Coralie zagrana przez Salomé Dewaels to charakterystyczna dla ówczesnej literatury, po trosze sentymentalna, romantyczna figura „prostytutki o złotym sercu”. Kocha Luciena aż do najwyższego poświęcenia, dba o niego i się nim opiekuje. Salomé Dewaels wydaje się nie tylko dysponować odpowiadającą wymogom tej roli specyficzną semicką urodą, ale też nadała swojej postaci autentyczną psychologiczną głębię – jej Coralie świadoma jest swojej kondycji moralnej i społecznej, kocha jednak Luciena miłością bezwarunkową, beznadziejną i niezmożoną, ten bowiem, ze swą młodzieńczą niewinnością, był pierwszym promieniem dobra w jej smutnym i nieszczęśliwym życiu. Coralie niejako stara się wręcz Luciena chronić – sama wychyliwszy się na chwilę z rynsztoka, świadoma że jej szczęście nie może być prawdziwe ani trwałe, nie chciałaby by Lucien został obryzgany błotem przynależnym jej sferze.

Dla oprawy muzycznej filmu wykorzystano fragmenty opery„Hippolite et Aricie” (1742) barokowego francuskiego kompozytora Jeanna Philippe’a Rameau (1683-1764), co buduje klimat epoki, harmonijnie komponując się z kolejnymi scenami i całą fabułą. Pogratulować wypada tu reżyserowi, że nie zdecydował się „unowocześnić” swojego filmu przez wykorzystanie muzyki współczesnej, co z pewnością zaburzyłoby kompozycję dzieła. To samo można powiedzieć o udanym i nie kaleczącym oczu widza postmodernistyczną sieczką obrazów montażu Cyrila Nakache’a. Pod względem warsztatowym ale też treściowym ekranizacja nie otrzymała więc na szczęście „pieczątki” czasów swojego powstania – fabuły Balzaka nie przerobiono w duchu dzisiejszej wrażliwości postmodernistycznej, nie wciśnięto do niej żadnego czarnoskórego, nie pojawiły się też aluzje homoseksualne ani pedofilskie, nagminne choćby w produkcjach brytyjskich.

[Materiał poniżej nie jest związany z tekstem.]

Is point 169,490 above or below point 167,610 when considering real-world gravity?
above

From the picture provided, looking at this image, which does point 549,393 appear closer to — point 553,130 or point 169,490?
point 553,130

Film Xaviera Giannoli korzysta z osiągnięć dzisiejszego warsztatu filmowego, nie daje się im jednak porwać. Paradoksalnie, najsłabszą jego stroną jest zwiastun, sugerujący że będziemy mieli tu do czynienia z jakąś pstrokatą stylizacją młodzieżowo-„gejowsko”-postmodernistyczną, podczas gdy w rzeczywistości otrzymujemy obraz odpowiadający zupełnie duchowi literackiego pierwowzoru. Zupełne zatem przeciwieństwo choćby niesławnej jankeskiej ekranizacji „Bel Ami” (1885) – najbardziej „Balzakowskiej” z powieści Guy’a de Maupassanta (1850-1893); w produkcji przygotowanej pod kierunkiem reżyserów Declana Donellana i Nicka Omerroda, która na ekrany kin weszła w 2012 r., jedynym elementem zasługującym na pozytywną ocenę był właśnie dobrze skomponowany zwiastun.

Wszystkim zatem którzy Balzaka jeszcze nie czytali, a zanim zdecydują czy warto go czytać, chcieliby poznać klimat i charakter jego powieści, wypada rekomendować by zapoznania owego dokonali właśnie za pośrednictwem dzieła Xaviera Giannoli. To, co Balzak ukazał nam słowem w „Wielkim człowieku z prowincji w Paryżu”, to filmowym obrazem uzupełnili twórcy „Illusions perdues”. Z tego też powodu miłośnicy twórczości ojca francuskiej powieści, do których i piszący te słowa się zalicza, odnajdą w filmie dzieło bliskie swoim upodobaniom.

Ronald Lasecki

Tytuł: „Illusions perdues”
Reżyseria: Xavier Giannoli
Obsada: Benjamin Voisin, Vincent Lacoste, Salomé Dewaels i in.